Terakhir Pastor Rif’at membagikan dua poin:
Yang pertama adalah selama kunjungan Paus ke Uni Emirat Arab pada awal tahun 2019, ia menandatangani dokumen penting dengan Imam Al-Azhar berjudul, “Dokumen Persaudaraan Manusia untuk Perdamaian Dunia dan Hidup Bersama”. Dua bulan kemudian, dia berada di Maroko untuk menandatangani Banding dengan Raja Maroko tentang Yerusalem.
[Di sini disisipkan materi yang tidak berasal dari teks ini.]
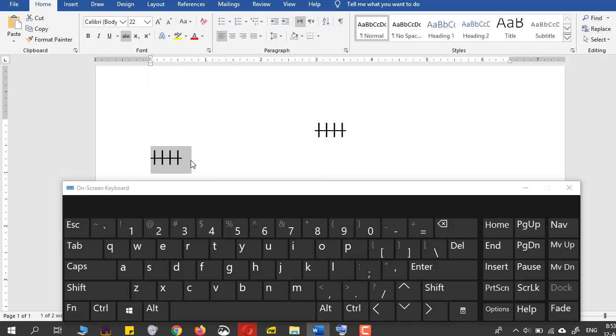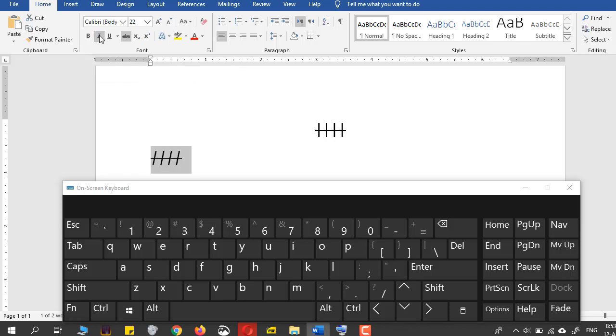You can also convert it into an italic mode so it will just look better and nice. Here you go, and then your tallies are already marked.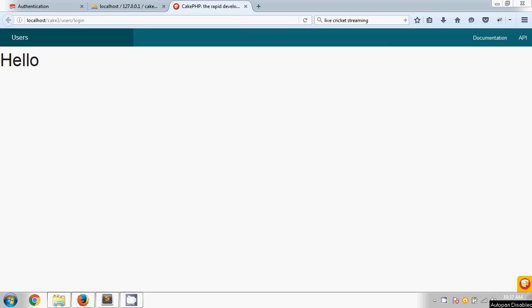Welcome again. In the previous tutorial we have seen how to create a hash password and we also saw how to declare the auth component. Now first I'm going to create the login form.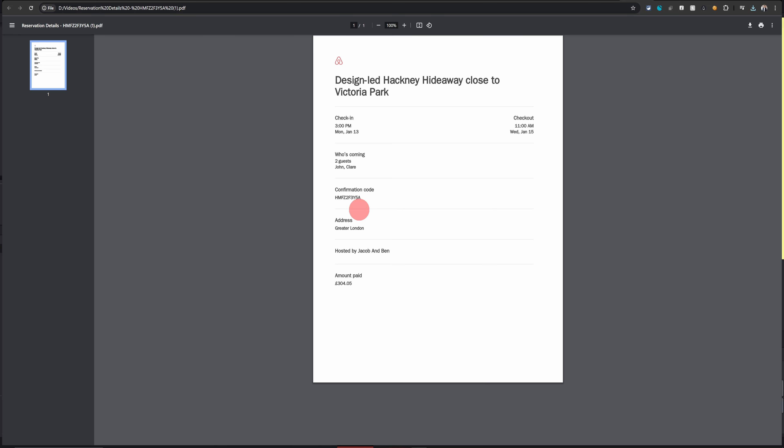Visa authorities, if they need, can just take this confirmation code and they have a separate portal where they can go in and confirm whether it is a confirmed reservation or not. So just attach this PDF document with your visa application and you will be all good.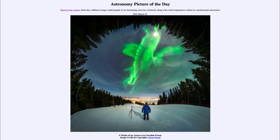Perhaps you see the image of a whale there, or maybe you see something else — you can consider what you might see. Of course, auroras don't have any specific shape; they happen to look like random patterns in the sky. But our minds like to put some kind of order to that randomness, so we tend to see them as looking like something, such as a whale.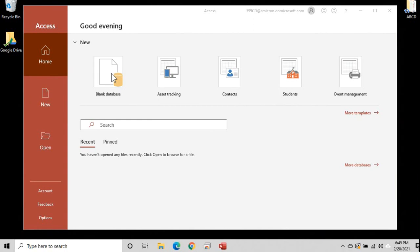Right here you'll see where it says new blank database, that's what we're going to use. Over to the right here you see some templates. There's asset tracking, contacts, students, event management. If you click here you'll see a ton more. Templates are basically databases that someone else has already built for you. If you're looking to get up and running fast and you need a contact database, go ahead, start up the contact template, play with it, see if you like it.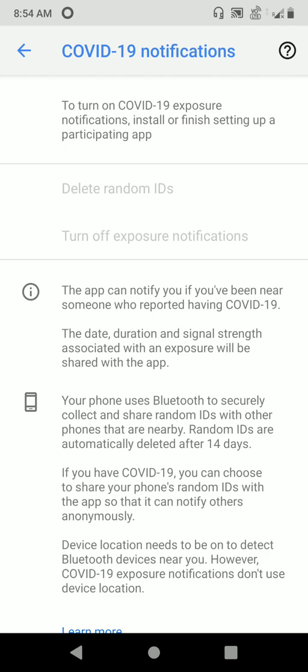This is a very useful feature, I believe. Please enable it by following the same procedure.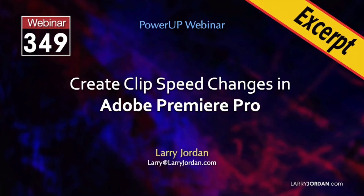This is an excerpt of a recent Power Up webinar on creating clip speed changes in Adobe Premiere Pro. Hi, my name is Larry Jordan. Changing the playback speed of a clip is a fast and easy way to create an eye-catching visual effect. In this short video, I'll show you how to use the Rate Stretch tool to create clip speed effects on demand.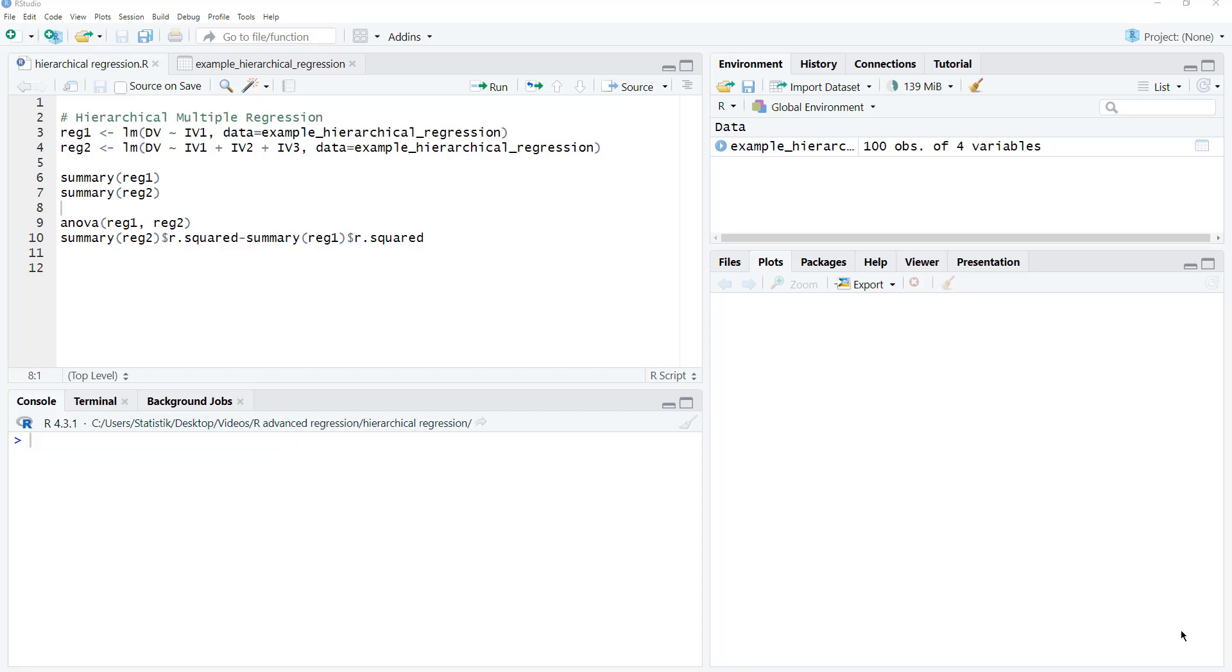Hierarchical regression with R in 60 seconds. If you know how to run a multiple regression in R, it's quite easy to run a hierarchical regression.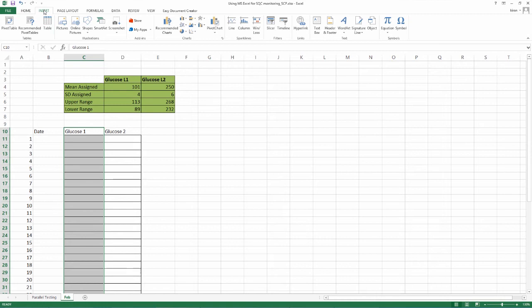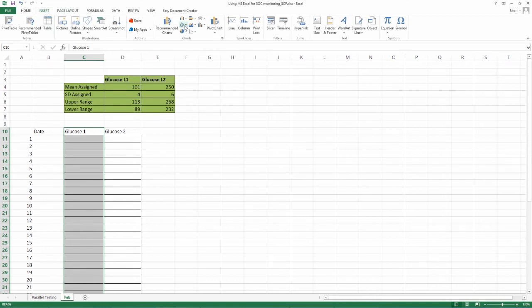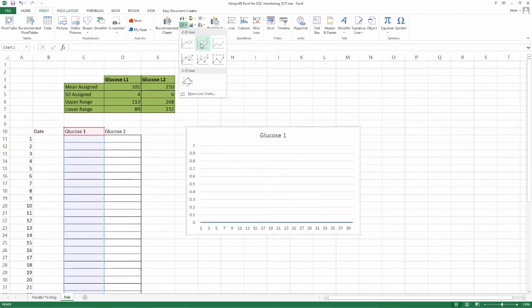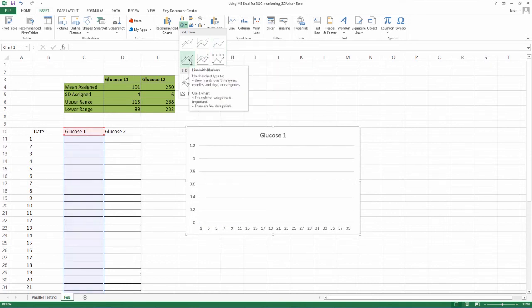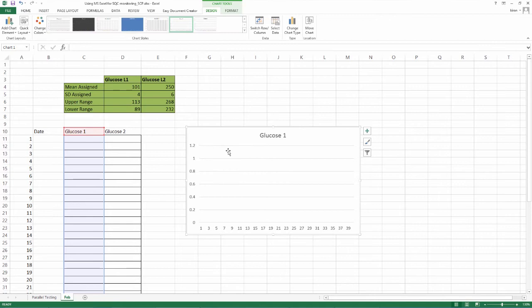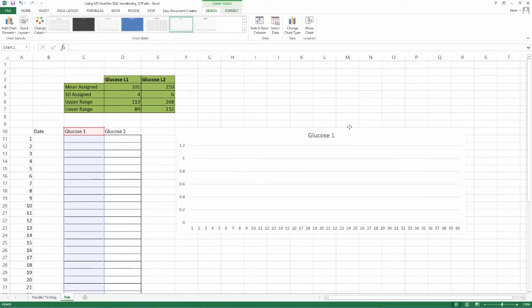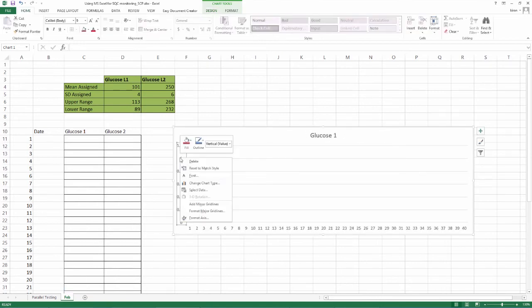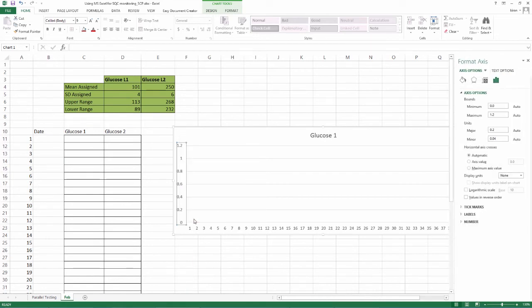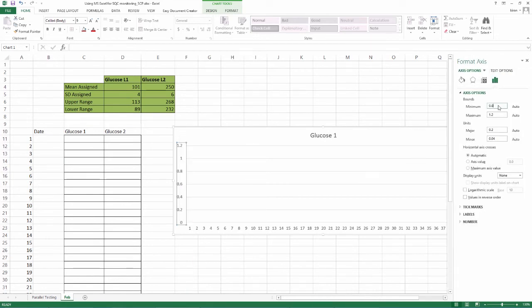Now, select all rows in that column starting from glucose 1 to serial number 40. Go to insert, charts, line graphs. You may select any line graph. Here, we are selecting this option, line with markers and click. A graph labeled glucose 1 appears. Now, click on the Y axis to adjust the mean and SD as per our need. Select format axis option and click. Under axis options, select fixed, not auto.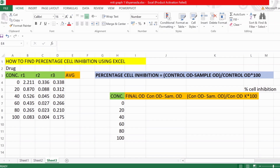Hello everyone, so today we are going to learn about percentage cell inhibition and how to find percentage cell inhibition using Excel. Before starting, we need to know what percentage cell inhibition is.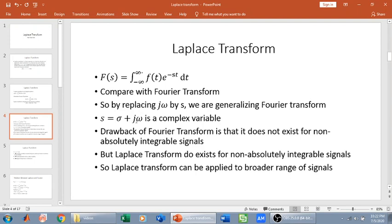A drawback of Fourier transform is that it does not exist for non-absolutely integrable signals. But Laplace transform does exist for non-absolutely integrable signals, which means that Laplace transform can be applied to a broader range of signals.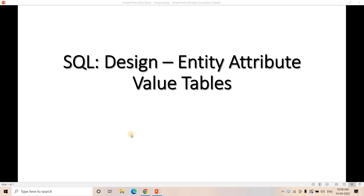Hello friends. Welcome to our channel Knowledge on Prefired. Today in this particular video, I am going to discuss one very important concept related to database table design. This topic is very important with respect to the interview process as well, if you are applying for data engineering or database admin related job roles. Let's try to understand entity attribute value tables.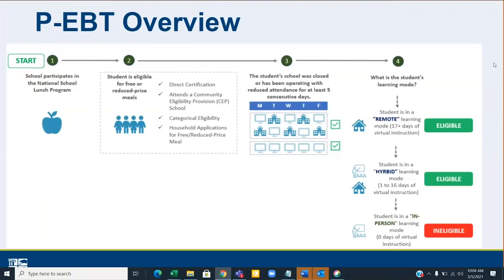Here is a basic overview of PEBT. Some of these slides are taken from a school nutrition presentation. For eligibility: the school must participate in the National School Lunch Program; the student must be eligible for free or reduced-price meals or digital certification; the school must have been closed or operating with reduced attendance for at least five consecutive days. Regarding learning mode: 17 or more days of virtual instruction means the student is eligible at the remote rate; 1 to 16 days of virtual instruction is the hybrid rate; 0 days — in-person only — is ineligible.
Apakah ada dokumen baru yang akan melihat terang hari ini di Mesopotamia?
Poin kedua adalah pada bulan Maret 2003, genderang perang Amerika dipukul untuk Irak, yang mendapatkan persetujuan internasional, kecuali Paus Yohanes Paulus II, yang berkata: “TIDAK UNTUK PERANG”! Perang selalu merupakan kekalahan bagi umat manusia.” Pada Maret 2021, Paus Fransiskus akan datang untuk mencoba memulihkan apa yang telah dihancurkan, sebagai akibat dari tidak mendengarkan suara pendahulunya, Paus sang santo …
“Paus Fransiskus, selamat datang kembali di tanah air Arab kami,” pungkasnya.